It's sort of like that old comedy routine:
Mike: John, you have pretty unusual tastes in music, are you--
John: No, I'm not gay! Who told you I was gay?! That's a goddamn lie and I don't know how that damn rumor got started!
Mike: Um... I was... going to ask if you were a fan of Bjork.
John: Oh... um... right....
Mike: Which brings <ahem> me to my next question...

And because it's couched in divisive accusatory terms
If would be much easier to support that argument if it ACTUALLY WAS couched in divisive, accusatory terms. The broader problem is the fact that you feel divided and accused by what the statement represents doesn't make the statement untrue. Nor does it change the fact that you are at least as insecure about your past as black people are about their futures.

When this discussion comes up, you have a simple choice: guard your insecurities and expect others to be sensitive of them*, or move PAST those insecurities and think constructively. BOTH parties actually have this same choice, the only difference is the what they're insecure about.

Perhaps if the conversation started with "A part of our history involved a systematic discrimination against a group of people for no reason except the color of their skin and their racial heritage. As a result of that systematic historical discrimination, many problems persist in our society that haven't been fully addressed."
Because the only way you're willing to rationally discuss the subject is if the entire world goes out of its way to avoid mentioning the IDENTITY of the people who implemented that system in the first place.

*But they won't, because they don't know or care what's going on in your head, and frankly they shouldn't have to psychoanalyze you just to have a coherent discussion about sensitive topics.

See how there's no "you" or "your" and no "my" or "I"? There's no divisiveness
There's also no recognition of the problem. That's the thing you seem to be missing in all of this: the disparity of advantages is part of the problem.

Put that in the context of two roomates arguing over the rent:
Mike: "So, I have forty thousand dollars in student loan debt, and you have a trust fund because your parents are oil tycoons..."
John: "I fail to see how holding me accountable for the actions of my parents, and expecting me to feel guilt and remorse over what someone else did, in any way changes the fact that you haven't paid your half of the rent."
 
The generation that grew up in the great depression was prosperous by the 1950's and 1960's. So 20 - 30 years?
They had the post WW II economic boom to take advantage of and that blacks were largely prevented from taking advantage of.
Not all of them. That actually counts as a pretty strong data point too: it's been my experience that black families that at present time find themselves solidly in the middle or lower-middle class are usually descended from those that managed to get in on the post-war boom.
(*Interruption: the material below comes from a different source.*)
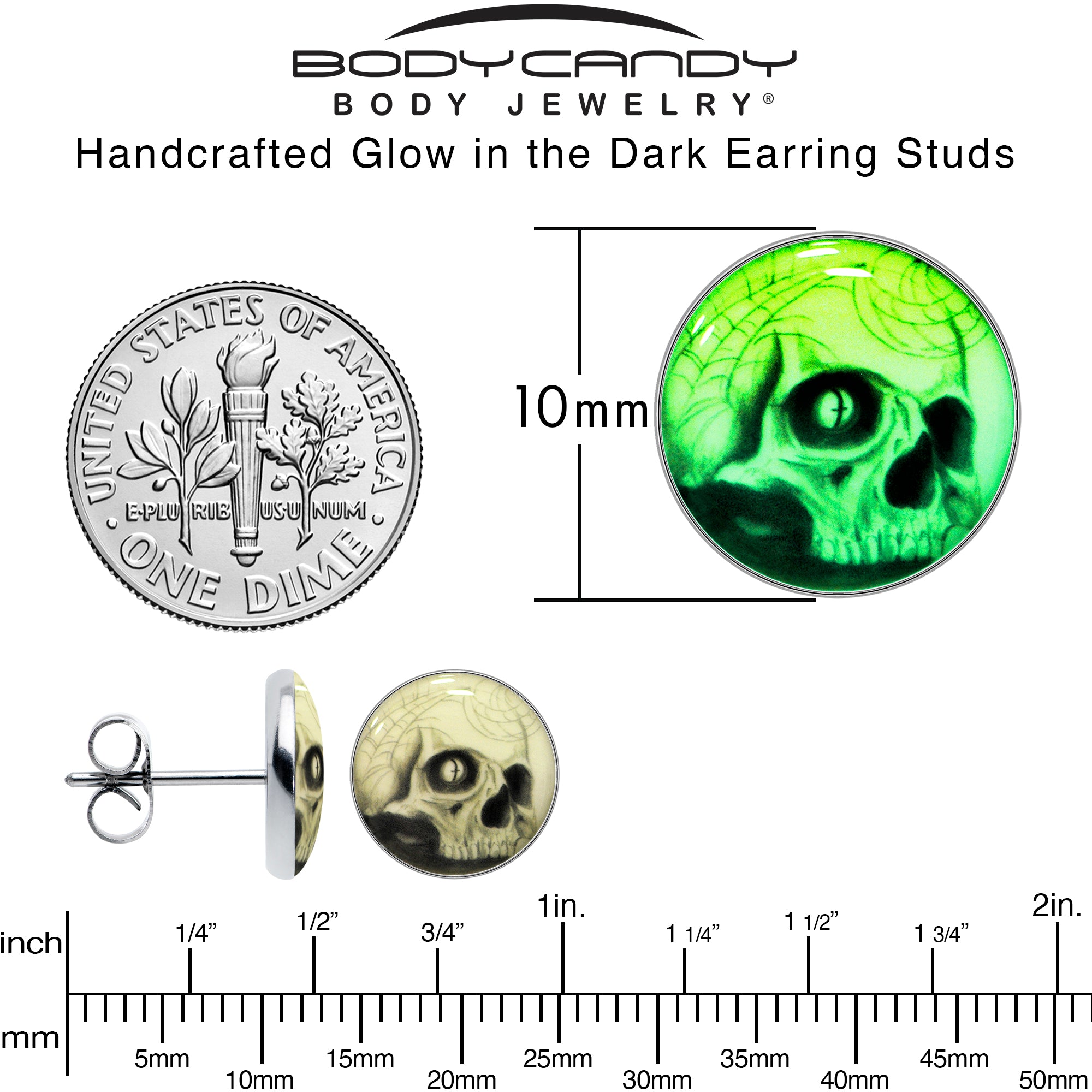 Webbed Skull Glow in the Dark Stud Earrings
The most common method is through the GI Bill: black soldiers returning from the war were able to get college educations and subsidies that opened opportunities they never would have had otherwise. The second most common seems to be public sector jobs (e.g. teachers, postal workers, public transportation). Union jobs was another contributor, but not all unions actually were inclusive of black workers (some of them still aren't).

By the 1970s, the momentum from the postwar boom had started to dry up; the oil crisis siphoned a lot of strength out of the economy, and and black workers who were already marginal -- both by tradition and by lack of specialization -- were the first to feel the burn. Those families that were already middle class by then were able to survive until things started to improve in the 80s; those that were still blue collar got pushed WAY to the back of the line and ended up in the ghetto.

Basically, the entire working class had its knees kicked out from under it in the 70s and the 80s and barely recovered in the aftermath; working class blacks were already highly vulnerable at the time, so they were hit the hardest. At the end of the day, reconstruction of the working class IN GENERAL would be beneficial; in that case, the only outstanding question is how to create safeguards so the most vulnerable subgroups of the working class don't get screwed over if the economy goes into another decline.
 
The defensiveness occurs, in my opinion, because the topic is introduced in an accusatory manner...

Almost all of the accusatory language in that statement has been supplied by you. The following terms:
- unfair
- bad
- wrong
- shameful
- have no right to
- tantamount to theft

Are NOT found in the statement you quoted. They are the product of your emotional response to that statement as the implications of it sink in. The result is that instead of arguing with what the statement says -- that you have an advantage you inherited through your family's exploitation -- you begin arguing with how the statement makes you feel: like a bad, wrong, shameful cheater.

It's sort of like that old comedy routine:... (a person in denial)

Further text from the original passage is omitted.